The Chamberlain Bridge was very narrow. It was suitable for two cars from the 1920s to meet, but it was grossly inadequate for 1950s era truck traffic. In addition, the Fort Randall Dam project was in the works. That dam would cause the water level of Chamberlain to raise considerably. The 1925 bridge would have only a very low clearance for navigation traffic. The net result is that the bridge needed to be replaced to accommodate more traffic and take into account the higher traffic level.
While a new bridge was needed at Chamberlain, there was no money for a wholesale replacement. As a result, a plan was devised to relocate the existing bridge at a new spot in the river, and add a parallel twin span. The new bridge would be located just downstream of the old bridge, and be oriented more east and west than the old bridge. At the same time, the bridge at Wheeler was being flooded out by the Gavins Point Dam. The plan that evolved was to use the four bridge sections from Chamberlain bridge to create the eastern two sections of both the north and south spans of the new bridge. These sections were each 336 feet. Then the five 256-foot sections of the Wheeler Bridge would be floated up stream and be used as three sections on the north span and two sections on the south span. One additional 256-foot section was built new to complete the project. The newly rebuilt and relocated Chamberlain Bridge opened up on December 7, 1953.

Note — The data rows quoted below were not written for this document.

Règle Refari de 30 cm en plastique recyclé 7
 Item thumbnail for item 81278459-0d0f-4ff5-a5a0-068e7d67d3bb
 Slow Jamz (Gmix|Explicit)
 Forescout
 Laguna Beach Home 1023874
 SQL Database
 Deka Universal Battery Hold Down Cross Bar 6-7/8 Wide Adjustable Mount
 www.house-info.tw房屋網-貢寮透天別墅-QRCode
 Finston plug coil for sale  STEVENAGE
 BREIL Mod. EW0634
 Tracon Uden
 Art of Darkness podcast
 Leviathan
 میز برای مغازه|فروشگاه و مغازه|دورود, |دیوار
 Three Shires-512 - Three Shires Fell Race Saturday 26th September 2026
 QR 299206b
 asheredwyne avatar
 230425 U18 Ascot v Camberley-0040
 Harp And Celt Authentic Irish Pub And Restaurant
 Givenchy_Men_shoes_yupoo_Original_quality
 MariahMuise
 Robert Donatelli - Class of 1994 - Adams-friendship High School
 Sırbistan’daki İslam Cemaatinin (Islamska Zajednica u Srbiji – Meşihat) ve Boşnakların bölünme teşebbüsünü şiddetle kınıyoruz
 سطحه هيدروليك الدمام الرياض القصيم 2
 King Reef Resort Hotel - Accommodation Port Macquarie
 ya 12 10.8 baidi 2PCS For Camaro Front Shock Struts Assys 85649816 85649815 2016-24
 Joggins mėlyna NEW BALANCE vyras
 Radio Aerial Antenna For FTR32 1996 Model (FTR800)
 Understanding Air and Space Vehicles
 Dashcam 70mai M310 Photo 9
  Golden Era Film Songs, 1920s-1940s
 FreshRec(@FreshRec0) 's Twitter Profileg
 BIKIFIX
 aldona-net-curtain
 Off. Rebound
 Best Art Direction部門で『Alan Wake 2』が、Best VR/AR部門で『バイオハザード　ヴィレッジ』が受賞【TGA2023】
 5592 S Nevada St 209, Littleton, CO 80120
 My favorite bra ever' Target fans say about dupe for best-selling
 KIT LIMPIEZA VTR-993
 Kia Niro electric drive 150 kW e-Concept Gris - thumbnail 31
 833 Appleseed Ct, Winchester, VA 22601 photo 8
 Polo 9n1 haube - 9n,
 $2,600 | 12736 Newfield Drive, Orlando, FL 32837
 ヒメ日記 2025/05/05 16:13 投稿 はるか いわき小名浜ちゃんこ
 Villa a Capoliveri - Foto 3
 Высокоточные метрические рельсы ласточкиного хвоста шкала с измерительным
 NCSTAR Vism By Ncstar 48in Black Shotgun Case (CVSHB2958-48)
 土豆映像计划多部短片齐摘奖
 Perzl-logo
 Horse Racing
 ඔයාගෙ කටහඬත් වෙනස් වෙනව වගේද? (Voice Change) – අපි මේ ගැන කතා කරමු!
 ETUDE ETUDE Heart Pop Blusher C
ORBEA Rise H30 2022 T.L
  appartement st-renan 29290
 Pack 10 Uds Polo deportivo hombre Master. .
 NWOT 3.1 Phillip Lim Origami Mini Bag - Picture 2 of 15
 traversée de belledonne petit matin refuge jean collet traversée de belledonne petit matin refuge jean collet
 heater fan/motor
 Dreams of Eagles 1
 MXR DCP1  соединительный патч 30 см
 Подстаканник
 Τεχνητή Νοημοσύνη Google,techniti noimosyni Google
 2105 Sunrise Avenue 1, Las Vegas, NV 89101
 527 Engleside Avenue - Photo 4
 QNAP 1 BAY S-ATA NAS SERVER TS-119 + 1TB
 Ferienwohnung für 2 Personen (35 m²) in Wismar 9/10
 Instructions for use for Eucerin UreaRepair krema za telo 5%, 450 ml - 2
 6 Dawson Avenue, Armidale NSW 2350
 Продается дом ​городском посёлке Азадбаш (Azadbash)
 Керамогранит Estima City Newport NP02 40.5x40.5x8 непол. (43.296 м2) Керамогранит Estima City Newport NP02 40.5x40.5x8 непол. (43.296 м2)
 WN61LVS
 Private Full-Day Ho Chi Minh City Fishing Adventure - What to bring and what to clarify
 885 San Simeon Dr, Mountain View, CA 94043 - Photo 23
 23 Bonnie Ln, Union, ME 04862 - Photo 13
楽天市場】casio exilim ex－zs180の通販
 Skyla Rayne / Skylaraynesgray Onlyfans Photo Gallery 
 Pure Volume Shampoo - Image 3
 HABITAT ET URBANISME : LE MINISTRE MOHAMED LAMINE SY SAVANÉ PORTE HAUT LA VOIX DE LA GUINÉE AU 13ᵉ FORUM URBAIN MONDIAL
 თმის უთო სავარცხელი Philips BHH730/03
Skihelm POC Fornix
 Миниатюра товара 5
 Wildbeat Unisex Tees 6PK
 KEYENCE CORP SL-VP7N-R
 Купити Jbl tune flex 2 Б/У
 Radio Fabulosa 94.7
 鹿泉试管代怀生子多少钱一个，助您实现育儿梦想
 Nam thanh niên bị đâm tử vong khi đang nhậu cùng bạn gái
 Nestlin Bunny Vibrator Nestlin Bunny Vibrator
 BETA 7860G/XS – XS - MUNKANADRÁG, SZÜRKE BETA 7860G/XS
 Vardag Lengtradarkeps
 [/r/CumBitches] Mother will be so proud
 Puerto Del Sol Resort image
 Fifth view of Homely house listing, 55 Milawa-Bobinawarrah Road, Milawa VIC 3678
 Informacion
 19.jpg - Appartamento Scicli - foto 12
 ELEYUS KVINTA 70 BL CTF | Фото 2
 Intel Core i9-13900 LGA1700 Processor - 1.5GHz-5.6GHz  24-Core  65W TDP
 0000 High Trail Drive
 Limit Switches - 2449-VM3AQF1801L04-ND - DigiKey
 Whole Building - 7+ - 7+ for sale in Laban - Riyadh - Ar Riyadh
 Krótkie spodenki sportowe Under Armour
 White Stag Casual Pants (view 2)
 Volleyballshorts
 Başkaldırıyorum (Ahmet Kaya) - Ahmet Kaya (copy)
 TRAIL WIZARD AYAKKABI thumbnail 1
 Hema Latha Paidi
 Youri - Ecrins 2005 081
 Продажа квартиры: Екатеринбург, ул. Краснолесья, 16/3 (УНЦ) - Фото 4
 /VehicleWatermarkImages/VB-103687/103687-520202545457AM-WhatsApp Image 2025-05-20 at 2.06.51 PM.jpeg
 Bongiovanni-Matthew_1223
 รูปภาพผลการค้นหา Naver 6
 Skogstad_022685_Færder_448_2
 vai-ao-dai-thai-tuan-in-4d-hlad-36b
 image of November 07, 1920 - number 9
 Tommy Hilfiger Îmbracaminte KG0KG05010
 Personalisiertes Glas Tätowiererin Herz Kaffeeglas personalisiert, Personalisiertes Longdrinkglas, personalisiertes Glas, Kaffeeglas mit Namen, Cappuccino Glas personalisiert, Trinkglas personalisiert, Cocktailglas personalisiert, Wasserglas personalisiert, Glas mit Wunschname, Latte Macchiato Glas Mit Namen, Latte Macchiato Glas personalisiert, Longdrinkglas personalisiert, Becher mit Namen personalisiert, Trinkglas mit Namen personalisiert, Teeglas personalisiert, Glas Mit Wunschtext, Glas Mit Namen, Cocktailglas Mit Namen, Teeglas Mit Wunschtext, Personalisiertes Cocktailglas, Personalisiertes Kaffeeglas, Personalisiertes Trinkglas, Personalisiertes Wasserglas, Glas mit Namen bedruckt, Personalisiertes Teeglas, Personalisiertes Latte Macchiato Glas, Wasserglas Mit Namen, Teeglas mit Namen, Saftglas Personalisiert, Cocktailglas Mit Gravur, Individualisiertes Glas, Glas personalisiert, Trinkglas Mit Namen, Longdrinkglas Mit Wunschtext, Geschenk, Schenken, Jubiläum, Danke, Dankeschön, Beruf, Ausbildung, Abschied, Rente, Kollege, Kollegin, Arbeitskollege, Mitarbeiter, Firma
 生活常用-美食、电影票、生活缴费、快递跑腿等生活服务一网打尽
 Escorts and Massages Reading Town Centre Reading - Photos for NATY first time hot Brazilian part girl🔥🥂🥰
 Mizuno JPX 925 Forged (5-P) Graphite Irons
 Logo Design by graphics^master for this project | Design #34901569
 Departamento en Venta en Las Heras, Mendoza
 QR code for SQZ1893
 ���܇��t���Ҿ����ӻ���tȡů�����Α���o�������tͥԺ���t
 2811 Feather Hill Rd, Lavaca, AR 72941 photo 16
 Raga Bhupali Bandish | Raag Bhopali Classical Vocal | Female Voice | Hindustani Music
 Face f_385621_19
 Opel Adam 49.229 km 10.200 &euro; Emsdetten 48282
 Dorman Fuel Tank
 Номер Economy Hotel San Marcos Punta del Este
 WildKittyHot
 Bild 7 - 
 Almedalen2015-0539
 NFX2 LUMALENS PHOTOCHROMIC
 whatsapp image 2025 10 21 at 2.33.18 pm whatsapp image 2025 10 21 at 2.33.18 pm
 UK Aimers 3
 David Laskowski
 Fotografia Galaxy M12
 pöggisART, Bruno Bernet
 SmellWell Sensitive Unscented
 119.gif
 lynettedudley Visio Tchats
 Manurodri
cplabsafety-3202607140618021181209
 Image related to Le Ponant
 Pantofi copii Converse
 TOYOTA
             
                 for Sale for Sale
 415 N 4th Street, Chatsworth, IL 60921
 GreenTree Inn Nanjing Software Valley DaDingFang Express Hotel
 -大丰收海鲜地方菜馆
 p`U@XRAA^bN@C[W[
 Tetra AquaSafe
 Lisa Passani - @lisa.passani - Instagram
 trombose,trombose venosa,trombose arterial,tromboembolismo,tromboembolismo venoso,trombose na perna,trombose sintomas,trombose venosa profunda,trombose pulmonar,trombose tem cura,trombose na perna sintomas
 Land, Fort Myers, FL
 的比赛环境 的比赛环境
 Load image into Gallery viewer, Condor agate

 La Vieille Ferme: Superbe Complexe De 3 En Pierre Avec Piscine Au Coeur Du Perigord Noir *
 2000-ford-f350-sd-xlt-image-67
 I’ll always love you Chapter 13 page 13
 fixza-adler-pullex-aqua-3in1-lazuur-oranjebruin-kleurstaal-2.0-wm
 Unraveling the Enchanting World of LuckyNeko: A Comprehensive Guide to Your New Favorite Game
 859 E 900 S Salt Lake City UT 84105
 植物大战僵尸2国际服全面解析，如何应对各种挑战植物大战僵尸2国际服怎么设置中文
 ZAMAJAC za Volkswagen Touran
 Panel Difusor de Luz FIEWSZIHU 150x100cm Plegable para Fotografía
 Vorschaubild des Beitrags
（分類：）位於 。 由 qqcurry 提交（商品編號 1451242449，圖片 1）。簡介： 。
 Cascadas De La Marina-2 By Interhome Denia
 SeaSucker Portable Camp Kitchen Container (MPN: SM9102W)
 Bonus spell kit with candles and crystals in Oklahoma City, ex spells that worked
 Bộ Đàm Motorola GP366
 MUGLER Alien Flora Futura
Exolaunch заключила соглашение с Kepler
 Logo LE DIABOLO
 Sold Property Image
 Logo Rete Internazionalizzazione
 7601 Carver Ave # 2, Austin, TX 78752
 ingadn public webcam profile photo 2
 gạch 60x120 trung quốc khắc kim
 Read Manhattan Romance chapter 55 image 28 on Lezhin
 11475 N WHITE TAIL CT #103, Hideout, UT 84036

To keep traffic moving while the Chamberlain Bridge was being rebuilt, the highway department borrowed and installed a WW-II era Bailey Bridge across the Missouri River. The very day that the newly rebuilt bridge opened, an unseasonable flood caused the Missouri River to rise. The flooded river washed out the temporary Bailey Bridge.
The Interstate Highway Act established that I-90 would pass through the south side of Chamberlain. The US-16 bridge did not meet interstate highway standards, and it would have required interstate traffic to pass though downtown Chamberlain, both of which were unacceptable to the Federal Highway Commission. As a result, a new I-90 bridge was built in Chamberlain in 1974. The US-16 bridge remained in place for local traffic. US-16 was decommissioned as a US highway in 1979, so the bridge now carries SD-248 and the I-90 Business Loop.
The Chamberlain-Oacoma Bridge is slated to get a major face-lift in 2008. Meanwhile, the five main piers from the original Chamberlain Bridge are still visible sticking up out of the Missouri River water some 600 feet up stream of the Chamberlain-Oacoma Bridge. Two of those piers are visible in the photo above, and all five are included in the photo at the bottom of this page.